A Promotoria de Redenção (750 km de Belém) vai recorrer da decisão da Justiça que absolveu o líder indígena Paulinho Paiakan e sua mulher, Irekran, das acusações de estupro e atentado ao pudor.
Ao recorrer da absolvição, o Ministério Público vai argumentar que os laudos de corpo de delito e conjunção carnal confirmam a prática de estupro, ao contrário do que concluiu o juiz.
O advogado Leão Di Ramos Caiado Neto, 36, reclamou ontem que a versão da vítima, Sílvia Letícia Ferreira, 20, não foi levada em conta na sentença. A falta de provas convincentes foi o maior argumento para absolver Paiakan.

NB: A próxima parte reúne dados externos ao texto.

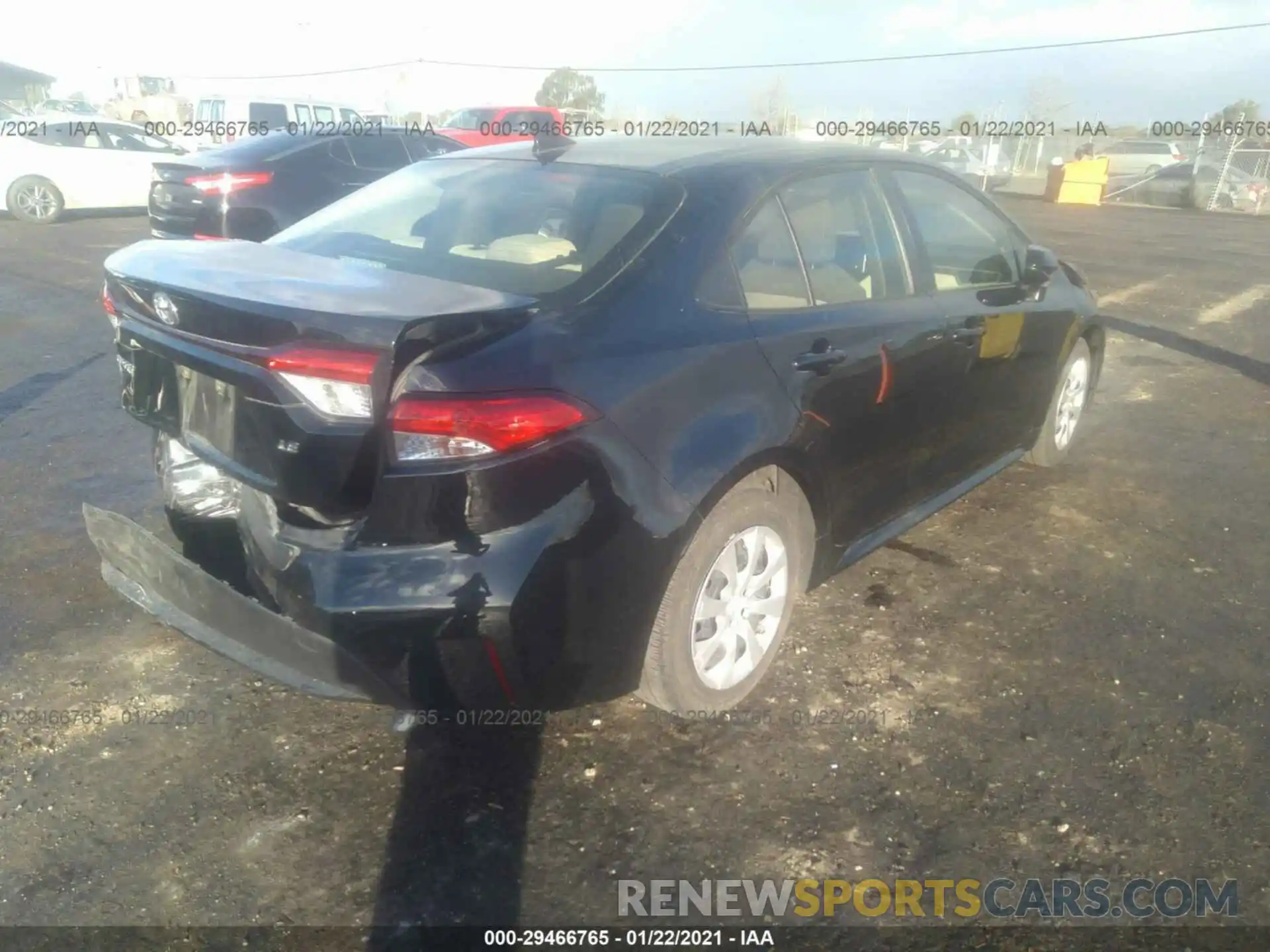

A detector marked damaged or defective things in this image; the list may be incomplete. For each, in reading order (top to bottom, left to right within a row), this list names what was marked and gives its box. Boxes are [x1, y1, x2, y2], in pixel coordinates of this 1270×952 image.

crumpled rear bumper [82, 505, 410, 709]
damaged black sedan [87, 134, 1101, 714]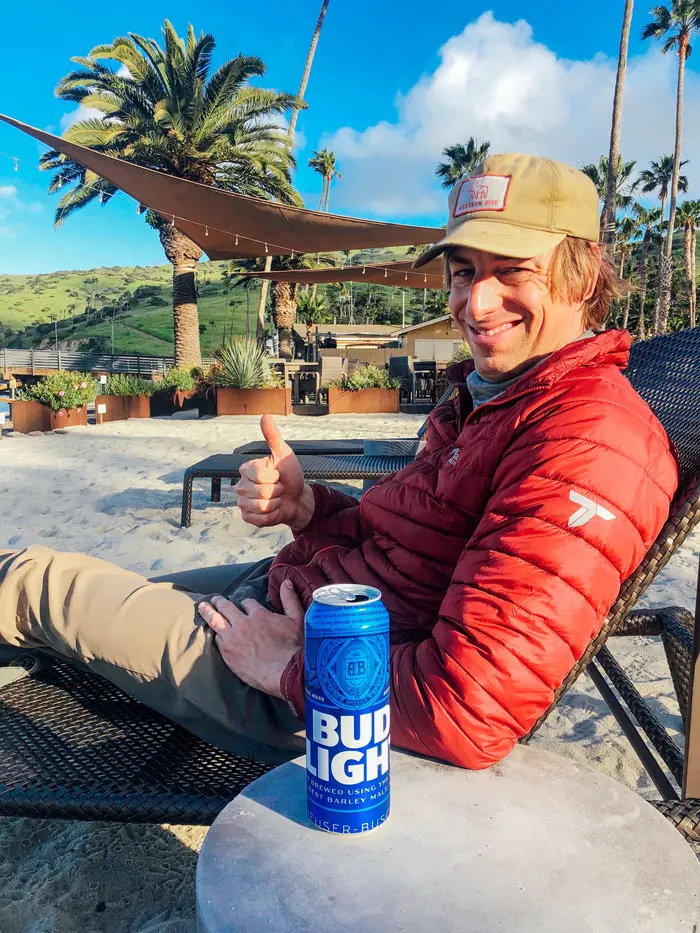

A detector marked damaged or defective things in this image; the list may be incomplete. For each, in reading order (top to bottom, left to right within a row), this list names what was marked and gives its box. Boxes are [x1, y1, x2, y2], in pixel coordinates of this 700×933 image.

A Promotoria também vai ressaltar que o Paiakan foi cúmplice da agressão porque Irekran não conseguiria imobilizar Sílvia Letícia e introduzir os dedos na vagina da estudante ao mesmo tempo.
Folha – Como você recebeu a absolvição de Paiakan?
Sílvia Ferreira - Foi um absurdo o que o juiz (Elder Lisboa Costa) fez, aquilo não é justo. Para mim esse juiz de Redenção foi um canalha, sem-vergonha, porque ele não ouviu a minha palavra.
Folha – O juiz alega que os laudos não confirmaram que houve estupro.
Sílvia – Ele não leu direito ou não prestou atenção, porque os laudos acusam, sim, estupro.
Folha – Naquele dia, depois da festa (31/5/92), foi Irekran que começou a te agredir, como concluiu o juiz?
Sílvia – A Irekran me segurou e ele que fez o serviço. Sei que ele (Paiakan) jogou a culpa na mulher, mas a Irekran não tem pênis.
Folha – A Irekran foi acusada de te agredir. Isso aconteceu?
Sílvia – Ela me segurou e me deu uma mordida (no seio) para que eu ficasse quieta. Agora, foi ele que fez o estupro e enfiou os dedos na minha vagina. Não ela.
Folha – O que mais Paiakan fez dentro do Chevette?
Sílvia – Bem, na hora do estupro eu quase não vi nada porque eu estava desmaiada. Depois que ele fez o estupro eu vi duas luzes vindo na frente do carro. Quando eu falei "lá vem um carro", ele me jogou para o lado de fora. Consegui correr um pouquinho, mas ele me agarrou pelo cabelo, me levou para uma cerca e colocou um arame no meu pescoço. Quem me acudiu foi o chacreiro. Eu corri para a chácara vizinha, daí ele (Paiakan) retornou o carro para a chácara dizendo que queria me matar, ele e a Irekran, cada um com um pau na mão.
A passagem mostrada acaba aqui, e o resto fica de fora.